WHAT TO PRODUCE:
Each of the lines from the one that contains "Vestel TDI 89302" to the end of the entries below should be output exactly.

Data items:
********************
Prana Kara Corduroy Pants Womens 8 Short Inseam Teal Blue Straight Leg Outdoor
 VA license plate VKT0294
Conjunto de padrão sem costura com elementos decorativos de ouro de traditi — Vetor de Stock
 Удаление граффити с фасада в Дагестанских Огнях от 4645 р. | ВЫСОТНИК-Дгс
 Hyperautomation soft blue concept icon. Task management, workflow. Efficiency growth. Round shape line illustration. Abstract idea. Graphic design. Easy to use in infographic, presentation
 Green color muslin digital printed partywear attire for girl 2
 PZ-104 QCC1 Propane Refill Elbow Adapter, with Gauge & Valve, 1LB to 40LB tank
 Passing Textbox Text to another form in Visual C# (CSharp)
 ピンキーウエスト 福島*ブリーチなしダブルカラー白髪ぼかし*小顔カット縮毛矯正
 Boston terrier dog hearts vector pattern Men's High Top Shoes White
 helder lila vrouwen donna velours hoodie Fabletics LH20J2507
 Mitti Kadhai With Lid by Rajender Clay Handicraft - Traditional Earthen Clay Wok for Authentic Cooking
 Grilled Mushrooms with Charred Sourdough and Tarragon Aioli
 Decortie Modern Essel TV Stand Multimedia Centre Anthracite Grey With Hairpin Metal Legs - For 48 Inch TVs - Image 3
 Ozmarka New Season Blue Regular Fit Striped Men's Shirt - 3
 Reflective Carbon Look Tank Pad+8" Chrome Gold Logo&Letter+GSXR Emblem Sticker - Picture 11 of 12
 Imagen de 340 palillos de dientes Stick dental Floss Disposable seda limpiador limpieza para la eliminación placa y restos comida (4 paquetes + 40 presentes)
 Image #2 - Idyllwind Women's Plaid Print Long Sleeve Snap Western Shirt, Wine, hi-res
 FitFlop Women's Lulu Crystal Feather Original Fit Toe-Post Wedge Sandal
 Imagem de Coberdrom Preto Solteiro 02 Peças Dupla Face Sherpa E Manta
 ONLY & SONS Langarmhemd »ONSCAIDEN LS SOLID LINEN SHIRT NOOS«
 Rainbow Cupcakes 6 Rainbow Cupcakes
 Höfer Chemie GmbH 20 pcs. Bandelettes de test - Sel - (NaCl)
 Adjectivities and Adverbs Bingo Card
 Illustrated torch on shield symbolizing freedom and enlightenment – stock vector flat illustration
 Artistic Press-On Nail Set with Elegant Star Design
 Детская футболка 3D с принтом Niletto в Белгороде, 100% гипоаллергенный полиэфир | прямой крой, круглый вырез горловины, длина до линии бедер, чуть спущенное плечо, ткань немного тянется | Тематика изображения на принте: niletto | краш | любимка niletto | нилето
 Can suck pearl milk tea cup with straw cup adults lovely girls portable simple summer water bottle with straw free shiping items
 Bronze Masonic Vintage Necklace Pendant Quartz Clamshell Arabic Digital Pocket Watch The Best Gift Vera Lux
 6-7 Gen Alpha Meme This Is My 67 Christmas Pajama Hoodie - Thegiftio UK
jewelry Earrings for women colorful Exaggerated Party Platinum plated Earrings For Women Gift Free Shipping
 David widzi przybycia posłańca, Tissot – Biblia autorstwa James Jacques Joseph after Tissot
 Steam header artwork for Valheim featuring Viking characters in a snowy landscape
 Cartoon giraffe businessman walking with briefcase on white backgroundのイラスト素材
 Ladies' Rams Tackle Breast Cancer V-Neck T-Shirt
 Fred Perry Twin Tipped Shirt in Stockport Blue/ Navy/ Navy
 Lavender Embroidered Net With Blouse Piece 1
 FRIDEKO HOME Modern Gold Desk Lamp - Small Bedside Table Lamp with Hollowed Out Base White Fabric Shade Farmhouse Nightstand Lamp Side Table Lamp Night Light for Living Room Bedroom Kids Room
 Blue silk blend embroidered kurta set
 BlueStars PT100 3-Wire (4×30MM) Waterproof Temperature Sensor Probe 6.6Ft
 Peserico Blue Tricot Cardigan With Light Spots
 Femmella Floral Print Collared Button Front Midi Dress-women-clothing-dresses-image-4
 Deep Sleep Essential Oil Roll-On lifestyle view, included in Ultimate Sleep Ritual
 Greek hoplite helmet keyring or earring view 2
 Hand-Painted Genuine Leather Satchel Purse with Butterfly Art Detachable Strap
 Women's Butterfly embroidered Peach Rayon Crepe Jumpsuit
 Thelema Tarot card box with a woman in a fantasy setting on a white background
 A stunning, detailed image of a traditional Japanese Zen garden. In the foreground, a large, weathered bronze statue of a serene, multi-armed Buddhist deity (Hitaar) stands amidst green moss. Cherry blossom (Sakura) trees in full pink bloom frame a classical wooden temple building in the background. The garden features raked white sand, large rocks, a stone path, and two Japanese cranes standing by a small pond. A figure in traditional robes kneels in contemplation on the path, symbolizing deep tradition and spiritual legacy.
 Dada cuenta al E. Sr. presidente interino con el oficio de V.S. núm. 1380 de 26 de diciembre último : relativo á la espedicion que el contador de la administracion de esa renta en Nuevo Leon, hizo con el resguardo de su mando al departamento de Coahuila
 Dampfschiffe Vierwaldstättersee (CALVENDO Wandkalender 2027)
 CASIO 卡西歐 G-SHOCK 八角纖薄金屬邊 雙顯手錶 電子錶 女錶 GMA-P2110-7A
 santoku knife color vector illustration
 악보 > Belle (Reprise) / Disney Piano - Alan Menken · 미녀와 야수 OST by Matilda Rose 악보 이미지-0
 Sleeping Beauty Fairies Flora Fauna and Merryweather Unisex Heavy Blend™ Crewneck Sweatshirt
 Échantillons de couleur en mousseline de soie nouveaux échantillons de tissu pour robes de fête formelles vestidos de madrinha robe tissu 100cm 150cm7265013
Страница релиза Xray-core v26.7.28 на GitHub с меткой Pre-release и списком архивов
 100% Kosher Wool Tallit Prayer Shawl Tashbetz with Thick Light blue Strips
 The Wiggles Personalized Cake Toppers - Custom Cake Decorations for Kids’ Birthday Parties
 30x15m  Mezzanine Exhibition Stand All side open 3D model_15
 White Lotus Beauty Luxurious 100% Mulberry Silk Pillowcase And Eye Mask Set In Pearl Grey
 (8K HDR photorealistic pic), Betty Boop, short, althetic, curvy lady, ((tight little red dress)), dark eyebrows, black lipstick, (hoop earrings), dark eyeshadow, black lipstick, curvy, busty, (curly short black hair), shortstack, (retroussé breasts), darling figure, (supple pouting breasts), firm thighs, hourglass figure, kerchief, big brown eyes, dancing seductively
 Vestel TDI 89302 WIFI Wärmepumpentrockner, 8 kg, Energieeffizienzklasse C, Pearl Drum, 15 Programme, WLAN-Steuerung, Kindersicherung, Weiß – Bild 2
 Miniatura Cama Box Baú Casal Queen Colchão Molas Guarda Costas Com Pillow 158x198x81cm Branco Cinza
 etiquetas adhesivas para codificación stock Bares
********************
SOLUTION FOR THIS EXERCISE:
 Vestel TDI 89302 WIFI Wärmepumpentrockner, 8 kg, Energieeffizienzklasse C, Pearl Drum, 15 Programme, WLAN-Steuerung, Kindersicherung, Weiß – Bild 2
 Miniatura Cama Box Baú Casal Queen Colchão Molas Guarda Costas Com Pillow 158x198x81cm Branco Cinza
 etiquetas adhesivas para codificación stock Bares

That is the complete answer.